令问题更加复杂的是,一位即将饰演格蕾西的好莱坞演员加入了故事中。在电视剧领域遇到瓶颈、急切寻求突破的演员伊丽莎白(娜塔莉·波特曼饰),正在深度参与一部改编自格蕾西与乔之间的不伦关系的电影,因此她专程前来萨瓦纳拜访两人及两人的亲友,为自己的表演做种种调研。
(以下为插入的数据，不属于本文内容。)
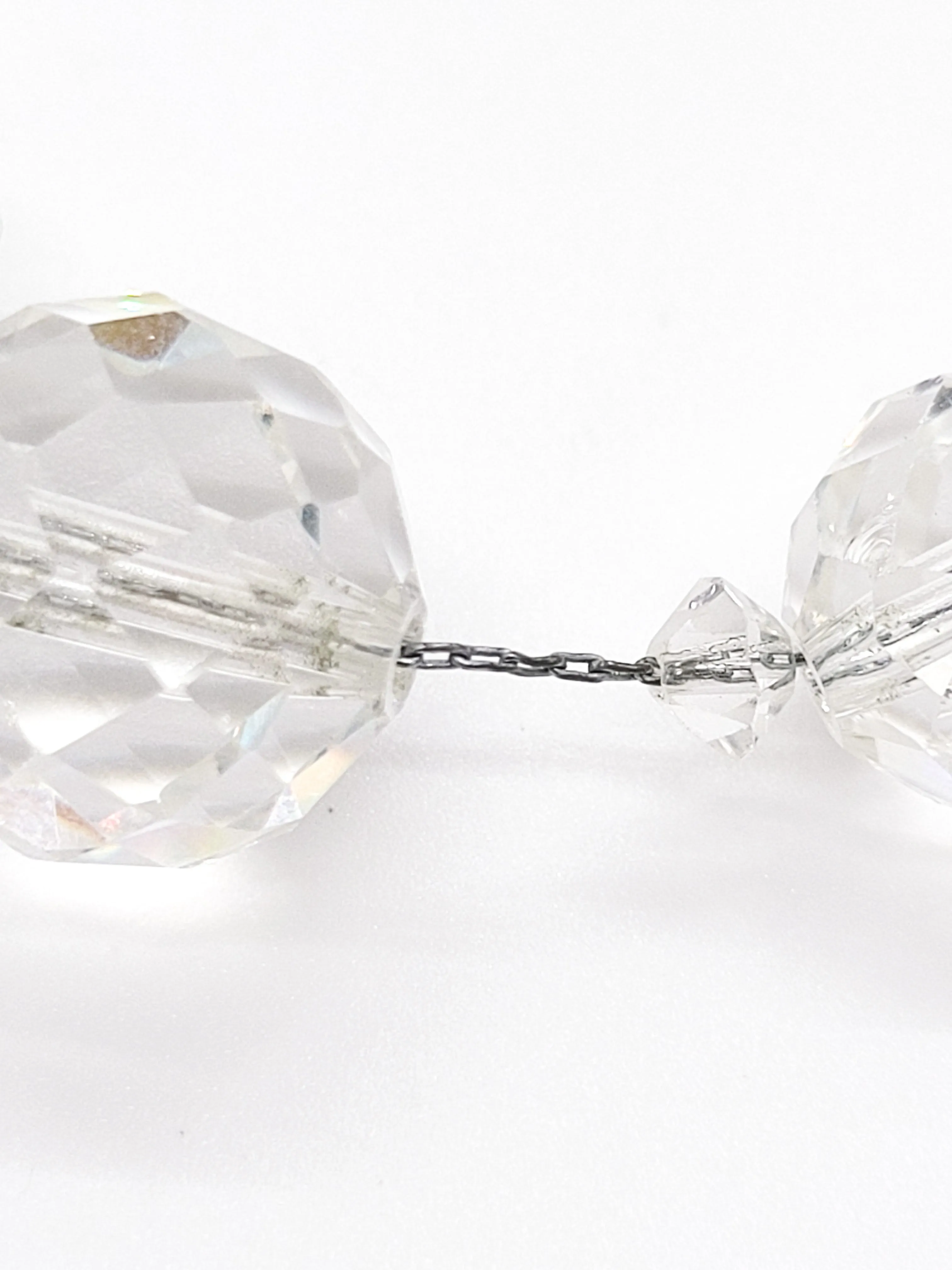 Art Deco faceted lead crystal graduated sterling silver vintage necklace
在好莱坞浸淫多年的伊丽莎白,处理人际事务时游刃有余,但过于沉不住气的她,还是会在种种微妙时刻暴露出功利心:当格蕾西与乔的小女儿问她为什么会出演她认为是坏人的角色时,她没有听出言外之意反驳问题本身,反而直言不讳地说——只要是好角色她都会抢着去演;在通过种种话术赢得乔的信任,并与之偷情后,达到“体验生活”目的的她在无意间将乔与格蕾西的关系指称为“这类故事”,引得脆弱敏感的乔情绪崩溃:“故事?你管这叫故事?这他妈的是我的人生!”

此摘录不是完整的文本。